By Chris Woolley
[This post is part of a conversation around the new book by Dutch theologian Abraham Kuyper,Wisdom & Wonder: Common Grace in Science & Art, now featured at the Patheos Book Club.]
Artists On Call in Culture: A Generous Mind Conversation
Art is strange stuff. We don’t really know what it is, but we certainly know when we don’t have it. There is a certain intangible nature about it. We can explain the elemental structure of it; why it may be relevant to society or how it appeals to the human psyche, but that’s not really it.
Art’s true source of beauty eludes us. I always tell people that when the art is really good there is a certain resonance about it. As though you’re tuning a guitar. The tension tightens up between the two strings and suddenly they start working in harmony and if you listen to your heart you can feel the weight of life lift for a moment. We may mistakenly believe that this resonance is the result of the beautiful subject matter of a work of art. However honest artistic beauty is independent of such trappings. Its gift rings true whether the image is hard or soft.
I try to remind myself that I don’t have to like all artwork, even if it’s good. Picasso’s work is very good but I’m not too crazy about it. However, I have a real eye for Pollack’s drip paintings. I know that he took great care in putting that crazy paint on the canvas. When I look at them I can see the resonance even though his art isn’t of anything.

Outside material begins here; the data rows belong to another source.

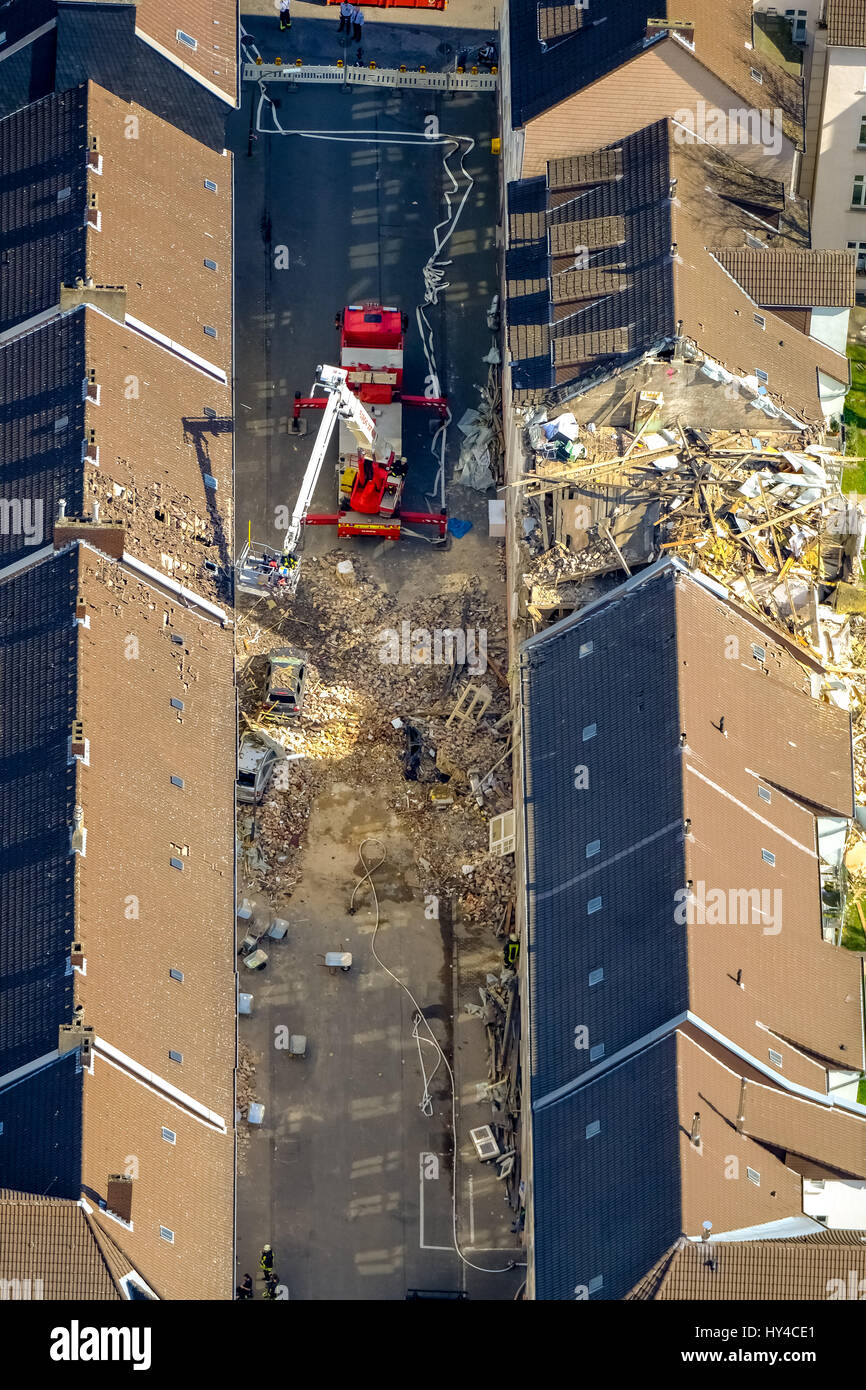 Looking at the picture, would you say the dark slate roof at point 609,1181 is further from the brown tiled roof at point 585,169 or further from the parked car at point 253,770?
the brown tiled roof at point 585,169

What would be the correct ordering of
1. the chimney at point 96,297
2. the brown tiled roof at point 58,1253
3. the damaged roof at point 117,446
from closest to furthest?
the brown tiled roof at point 58,1253, the damaged roof at point 117,446, the chimney at point 96,297

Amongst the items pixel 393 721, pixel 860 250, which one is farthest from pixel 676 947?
pixel 860 250

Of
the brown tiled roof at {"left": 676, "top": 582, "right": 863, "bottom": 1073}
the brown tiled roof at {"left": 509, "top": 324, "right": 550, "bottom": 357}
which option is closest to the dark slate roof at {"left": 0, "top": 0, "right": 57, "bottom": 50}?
the brown tiled roof at {"left": 509, "top": 324, "right": 550, "bottom": 357}

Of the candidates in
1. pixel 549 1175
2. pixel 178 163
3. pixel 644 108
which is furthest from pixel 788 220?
pixel 549 1175

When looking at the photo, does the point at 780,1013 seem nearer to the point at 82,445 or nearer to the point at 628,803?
the point at 628,803

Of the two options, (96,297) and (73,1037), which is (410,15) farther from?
(73,1037)

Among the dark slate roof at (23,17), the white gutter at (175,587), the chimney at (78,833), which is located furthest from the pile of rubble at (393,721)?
the dark slate roof at (23,17)

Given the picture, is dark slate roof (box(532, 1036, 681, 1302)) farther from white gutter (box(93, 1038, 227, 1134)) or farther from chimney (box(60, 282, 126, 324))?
chimney (box(60, 282, 126, 324)) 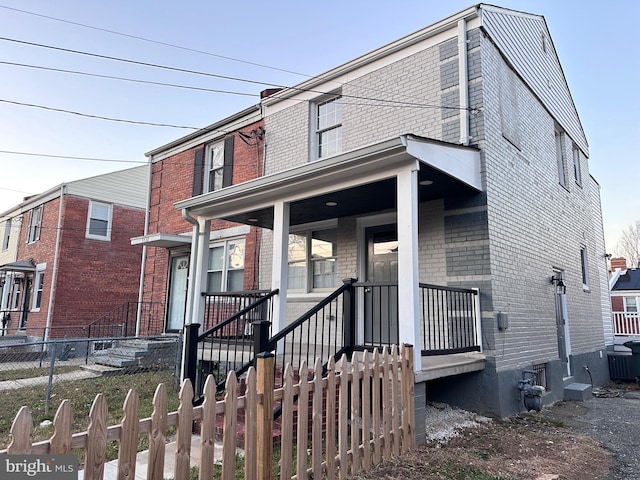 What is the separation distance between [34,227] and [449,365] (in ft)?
60.2

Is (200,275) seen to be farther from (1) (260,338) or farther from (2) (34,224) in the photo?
(2) (34,224)

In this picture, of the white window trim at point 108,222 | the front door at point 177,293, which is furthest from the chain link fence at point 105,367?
the white window trim at point 108,222

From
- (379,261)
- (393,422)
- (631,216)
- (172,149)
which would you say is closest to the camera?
(393,422)

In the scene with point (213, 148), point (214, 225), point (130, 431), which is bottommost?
point (130, 431)

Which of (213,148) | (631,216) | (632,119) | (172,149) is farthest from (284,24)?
(631,216)

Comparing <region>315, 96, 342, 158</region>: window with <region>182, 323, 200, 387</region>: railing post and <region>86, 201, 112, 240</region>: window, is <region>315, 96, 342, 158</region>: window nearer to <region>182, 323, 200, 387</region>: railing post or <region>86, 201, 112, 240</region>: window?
<region>182, 323, 200, 387</region>: railing post

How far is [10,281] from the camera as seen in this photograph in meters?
18.8

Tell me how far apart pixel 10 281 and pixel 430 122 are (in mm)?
19878

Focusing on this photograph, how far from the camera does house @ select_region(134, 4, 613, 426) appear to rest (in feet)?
18.4

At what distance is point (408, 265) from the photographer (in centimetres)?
480

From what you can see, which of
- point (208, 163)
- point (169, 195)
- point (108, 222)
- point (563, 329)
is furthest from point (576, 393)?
point (108, 222)

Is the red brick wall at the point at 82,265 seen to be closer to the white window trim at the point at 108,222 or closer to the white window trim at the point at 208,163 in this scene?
the white window trim at the point at 108,222

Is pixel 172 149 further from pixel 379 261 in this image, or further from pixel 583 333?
pixel 583 333

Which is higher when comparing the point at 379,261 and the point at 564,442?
the point at 379,261
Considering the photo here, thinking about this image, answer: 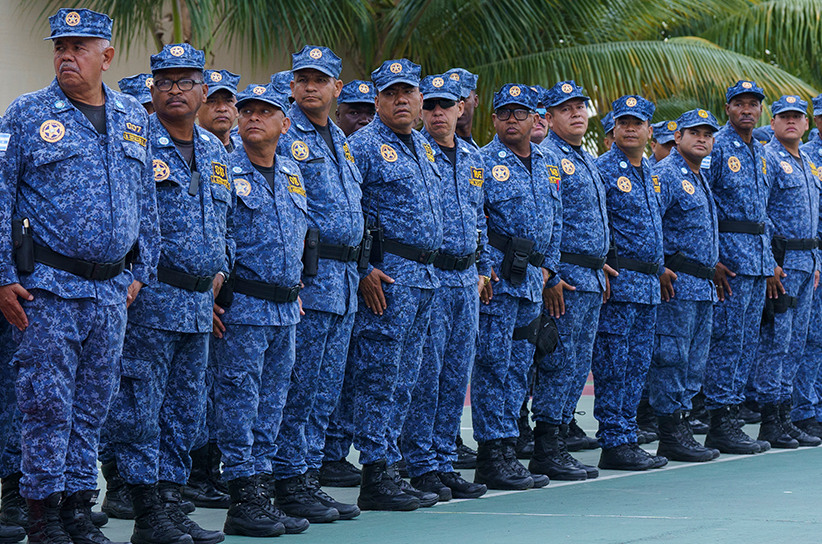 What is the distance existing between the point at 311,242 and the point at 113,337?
4.30 feet

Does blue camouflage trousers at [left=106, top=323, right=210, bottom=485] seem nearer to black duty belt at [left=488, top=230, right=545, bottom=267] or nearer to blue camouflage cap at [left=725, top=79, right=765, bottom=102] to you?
black duty belt at [left=488, top=230, right=545, bottom=267]

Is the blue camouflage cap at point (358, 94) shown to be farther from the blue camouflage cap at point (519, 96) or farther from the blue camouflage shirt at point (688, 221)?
the blue camouflage shirt at point (688, 221)

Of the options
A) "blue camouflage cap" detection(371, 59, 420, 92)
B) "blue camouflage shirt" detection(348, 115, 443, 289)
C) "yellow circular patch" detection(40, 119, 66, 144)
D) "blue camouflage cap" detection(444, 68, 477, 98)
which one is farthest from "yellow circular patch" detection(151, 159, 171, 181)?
"blue camouflage cap" detection(444, 68, 477, 98)

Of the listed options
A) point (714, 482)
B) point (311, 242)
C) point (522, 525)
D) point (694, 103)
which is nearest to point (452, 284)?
point (311, 242)

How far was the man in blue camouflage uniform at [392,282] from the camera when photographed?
602cm

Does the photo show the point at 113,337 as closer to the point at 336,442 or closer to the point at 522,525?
the point at 522,525

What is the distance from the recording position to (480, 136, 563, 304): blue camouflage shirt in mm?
6883

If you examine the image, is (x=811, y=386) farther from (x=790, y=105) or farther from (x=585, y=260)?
(x=585, y=260)

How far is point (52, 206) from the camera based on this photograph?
182 inches

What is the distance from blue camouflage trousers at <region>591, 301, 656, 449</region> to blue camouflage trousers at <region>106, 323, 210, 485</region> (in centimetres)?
295

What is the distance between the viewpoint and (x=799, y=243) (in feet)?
29.0

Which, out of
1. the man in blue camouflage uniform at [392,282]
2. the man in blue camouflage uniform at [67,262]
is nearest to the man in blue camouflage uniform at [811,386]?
the man in blue camouflage uniform at [392,282]

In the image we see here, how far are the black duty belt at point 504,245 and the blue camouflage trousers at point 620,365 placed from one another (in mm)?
847

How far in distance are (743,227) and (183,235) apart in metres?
4.57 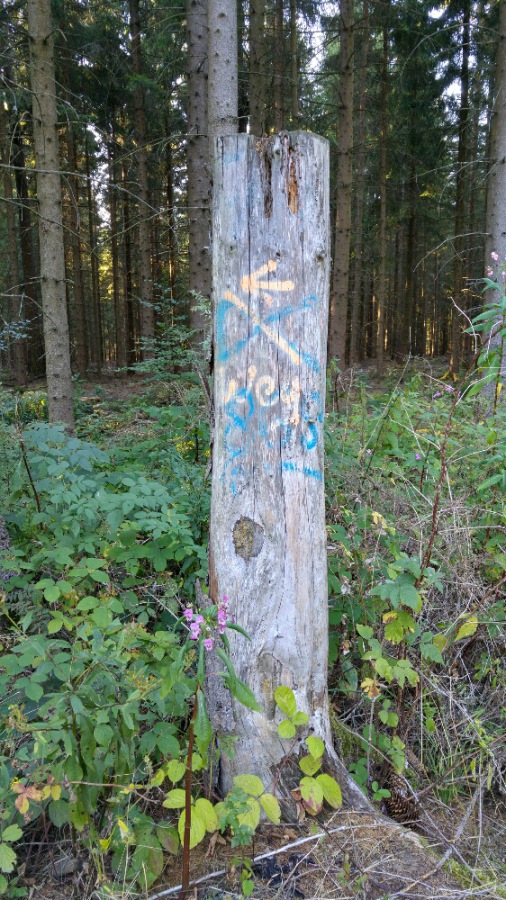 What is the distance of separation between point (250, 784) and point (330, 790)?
0.31 m

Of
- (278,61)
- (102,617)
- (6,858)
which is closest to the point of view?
(6,858)

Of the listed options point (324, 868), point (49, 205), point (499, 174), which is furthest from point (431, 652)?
point (499, 174)

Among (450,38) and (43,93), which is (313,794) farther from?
(450,38)

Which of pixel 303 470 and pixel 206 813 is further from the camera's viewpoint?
pixel 303 470

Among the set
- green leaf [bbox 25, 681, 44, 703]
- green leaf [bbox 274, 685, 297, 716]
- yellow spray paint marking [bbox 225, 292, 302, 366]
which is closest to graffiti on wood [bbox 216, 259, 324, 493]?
yellow spray paint marking [bbox 225, 292, 302, 366]

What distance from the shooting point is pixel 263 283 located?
205cm

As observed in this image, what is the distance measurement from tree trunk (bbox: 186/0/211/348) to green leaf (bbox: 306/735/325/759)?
6.53m

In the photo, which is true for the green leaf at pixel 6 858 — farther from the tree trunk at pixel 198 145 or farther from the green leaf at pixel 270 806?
the tree trunk at pixel 198 145

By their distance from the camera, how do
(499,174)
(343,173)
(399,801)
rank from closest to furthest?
(399,801), (499,174), (343,173)

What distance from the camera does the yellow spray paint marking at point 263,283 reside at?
6.70ft

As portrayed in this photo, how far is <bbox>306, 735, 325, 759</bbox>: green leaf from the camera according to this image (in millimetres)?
2039

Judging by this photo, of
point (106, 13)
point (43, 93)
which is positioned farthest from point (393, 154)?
point (43, 93)

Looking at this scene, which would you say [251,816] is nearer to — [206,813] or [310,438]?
[206,813]

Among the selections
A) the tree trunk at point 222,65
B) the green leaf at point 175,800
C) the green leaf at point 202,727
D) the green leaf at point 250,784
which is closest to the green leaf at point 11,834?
the green leaf at point 175,800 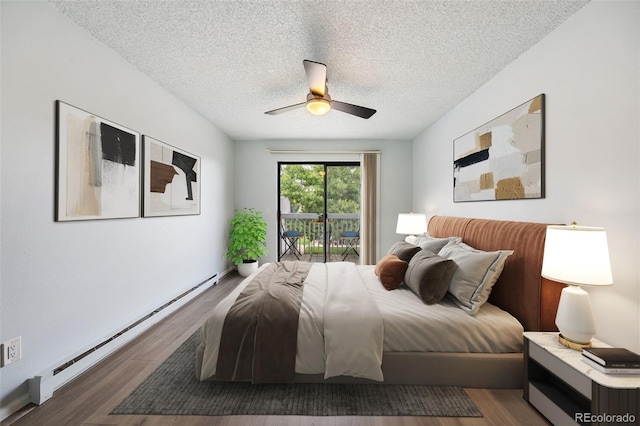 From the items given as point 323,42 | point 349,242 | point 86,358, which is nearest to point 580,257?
point 323,42

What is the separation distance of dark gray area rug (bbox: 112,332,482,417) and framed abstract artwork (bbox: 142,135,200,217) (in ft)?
5.31

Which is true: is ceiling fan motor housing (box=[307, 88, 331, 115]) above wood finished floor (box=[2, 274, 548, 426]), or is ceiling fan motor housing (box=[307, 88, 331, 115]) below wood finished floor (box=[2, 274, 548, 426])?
above

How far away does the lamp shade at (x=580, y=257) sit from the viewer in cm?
129

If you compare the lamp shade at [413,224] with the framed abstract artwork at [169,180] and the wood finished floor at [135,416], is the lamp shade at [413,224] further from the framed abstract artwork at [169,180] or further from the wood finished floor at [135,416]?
the framed abstract artwork at [169,180]

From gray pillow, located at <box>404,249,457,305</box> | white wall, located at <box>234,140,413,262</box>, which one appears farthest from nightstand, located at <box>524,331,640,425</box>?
white wall, located at <box>234,140,413,262</box>

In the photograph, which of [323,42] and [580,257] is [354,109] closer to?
[323,42]

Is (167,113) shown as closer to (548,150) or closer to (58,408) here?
(58,408)

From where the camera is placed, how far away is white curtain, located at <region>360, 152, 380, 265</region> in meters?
4.78

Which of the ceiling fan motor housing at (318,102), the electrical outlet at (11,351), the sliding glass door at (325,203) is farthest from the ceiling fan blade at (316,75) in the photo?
the sliding glass door at (325,203)

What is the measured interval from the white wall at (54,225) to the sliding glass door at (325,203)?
275cm

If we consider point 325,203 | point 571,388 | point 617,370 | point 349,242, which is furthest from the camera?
point 349,242

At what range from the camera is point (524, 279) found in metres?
1.78

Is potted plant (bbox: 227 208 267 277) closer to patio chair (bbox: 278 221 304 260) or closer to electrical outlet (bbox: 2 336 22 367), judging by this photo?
patio chair (bbox: 278 221 304 260)

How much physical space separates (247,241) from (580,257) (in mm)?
4032
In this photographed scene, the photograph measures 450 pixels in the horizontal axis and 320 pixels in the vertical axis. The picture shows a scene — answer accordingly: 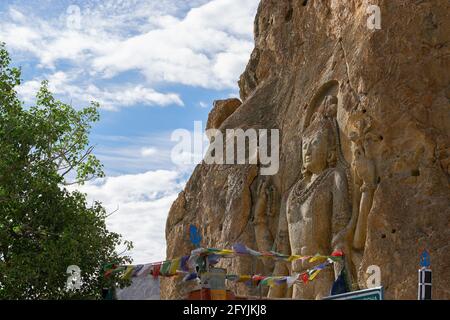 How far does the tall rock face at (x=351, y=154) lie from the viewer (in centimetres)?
1462

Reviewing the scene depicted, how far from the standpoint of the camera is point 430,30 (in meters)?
15.5

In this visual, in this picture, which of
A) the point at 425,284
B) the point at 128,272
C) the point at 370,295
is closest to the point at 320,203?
the point at 128,272

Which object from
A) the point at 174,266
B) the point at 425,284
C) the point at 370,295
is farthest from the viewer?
the point at 174,266

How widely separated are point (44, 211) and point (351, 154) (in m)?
7.04

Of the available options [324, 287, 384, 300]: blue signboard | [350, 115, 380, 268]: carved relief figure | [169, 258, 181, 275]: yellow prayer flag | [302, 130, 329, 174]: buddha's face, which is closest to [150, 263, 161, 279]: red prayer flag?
[169, 258, 181, 275]: yellow prayer flag

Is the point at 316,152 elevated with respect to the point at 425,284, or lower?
elevated

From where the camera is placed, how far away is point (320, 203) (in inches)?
657

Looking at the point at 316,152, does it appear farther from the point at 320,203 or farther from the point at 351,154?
the point at 320,203

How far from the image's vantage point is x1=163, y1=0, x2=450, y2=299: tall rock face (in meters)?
14.6

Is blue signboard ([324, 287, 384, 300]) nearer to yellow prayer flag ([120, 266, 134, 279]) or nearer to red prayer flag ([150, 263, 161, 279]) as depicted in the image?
red prayer flag ([150, 263, 161, 279])

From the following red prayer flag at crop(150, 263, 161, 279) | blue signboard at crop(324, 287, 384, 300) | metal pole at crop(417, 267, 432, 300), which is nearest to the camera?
blue signboard at crop(324, 287, 384, 300)

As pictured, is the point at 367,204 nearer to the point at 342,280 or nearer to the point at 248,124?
the point at 342,280

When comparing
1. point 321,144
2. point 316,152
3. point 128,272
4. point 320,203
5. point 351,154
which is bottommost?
point 128,272

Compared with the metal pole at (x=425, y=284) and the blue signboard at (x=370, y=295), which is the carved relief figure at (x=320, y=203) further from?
the blue signboard at (x=370, y=295) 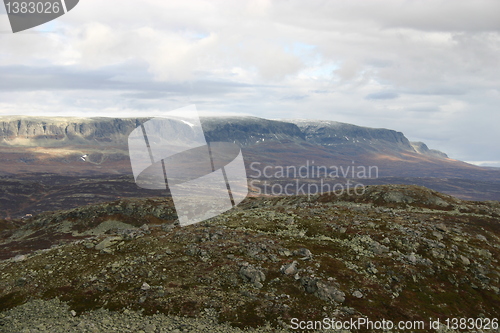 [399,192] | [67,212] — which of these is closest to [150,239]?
[399,192]

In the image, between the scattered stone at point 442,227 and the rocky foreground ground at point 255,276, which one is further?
the scattered stone at point 442,227

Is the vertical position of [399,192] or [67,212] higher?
[399,192]

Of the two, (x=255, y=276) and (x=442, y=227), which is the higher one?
(x=442, y=227)

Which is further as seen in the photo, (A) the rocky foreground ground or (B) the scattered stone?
(B) the scattered stone

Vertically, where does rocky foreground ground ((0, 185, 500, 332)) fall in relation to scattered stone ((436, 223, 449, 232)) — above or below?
below

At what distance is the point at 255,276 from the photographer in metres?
43.4

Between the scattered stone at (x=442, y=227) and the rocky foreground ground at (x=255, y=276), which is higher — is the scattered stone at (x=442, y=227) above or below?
above

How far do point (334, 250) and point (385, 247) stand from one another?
Result: 7.96 metres

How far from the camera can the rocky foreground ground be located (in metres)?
36.8

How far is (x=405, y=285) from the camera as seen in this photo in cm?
4572

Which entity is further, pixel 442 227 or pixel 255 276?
pixel 442 227

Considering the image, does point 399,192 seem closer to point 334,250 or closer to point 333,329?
point 334,250

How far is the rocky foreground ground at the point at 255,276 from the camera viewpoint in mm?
36844

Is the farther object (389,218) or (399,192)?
(399,192) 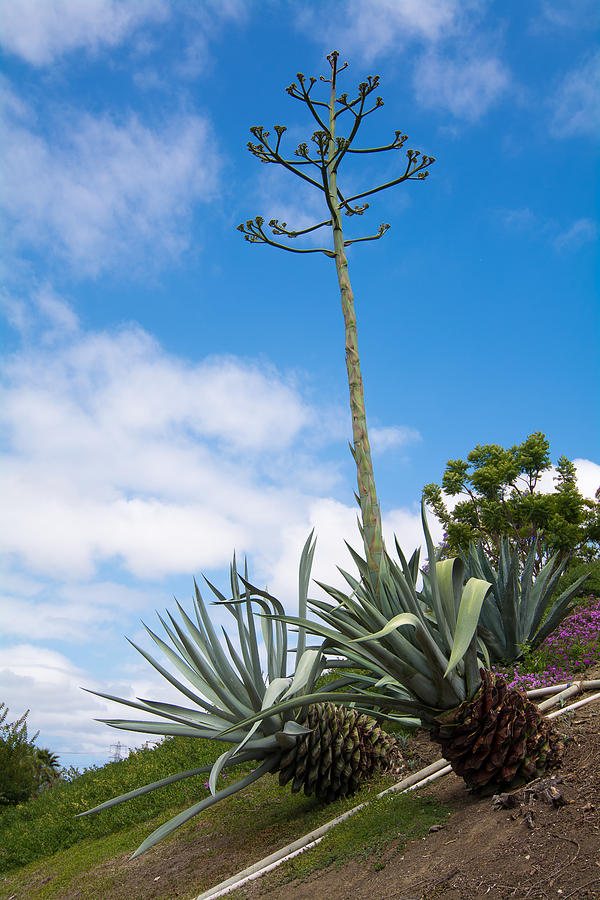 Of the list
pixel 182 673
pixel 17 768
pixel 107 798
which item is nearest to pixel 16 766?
pixel 17 768

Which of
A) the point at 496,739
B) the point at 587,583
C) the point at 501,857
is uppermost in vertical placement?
the point at 587,583

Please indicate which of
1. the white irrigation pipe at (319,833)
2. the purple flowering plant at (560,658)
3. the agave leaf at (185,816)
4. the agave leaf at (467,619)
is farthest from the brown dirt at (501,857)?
the purple flowering plant at (560,658)

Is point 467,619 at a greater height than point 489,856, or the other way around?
point 467,619

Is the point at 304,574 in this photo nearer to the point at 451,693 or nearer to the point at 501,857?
the point at 451,693

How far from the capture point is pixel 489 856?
3486 millimetres

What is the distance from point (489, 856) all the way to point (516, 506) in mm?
17119

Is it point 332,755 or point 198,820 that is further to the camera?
point 198,820

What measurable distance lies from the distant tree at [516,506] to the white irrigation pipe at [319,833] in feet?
43.4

While this resonance is something that can be found in all creative pursuits it is most purely found in the fine arts. As an artist myself, I can attest that it is difficult to obtain and vague to handle. Just when I think I’ve finally figured it out, it slips through my fingers like smoke. But when it’s right, it is something to behold. A little paint and canvas suddenly becomes a treasure. We feel weak before it. These treasures have no earthly value except to lift man’s soul. It is the essence of the aesthetic. Art is the transcendent scent of God…our earthly glimpse into Heaven.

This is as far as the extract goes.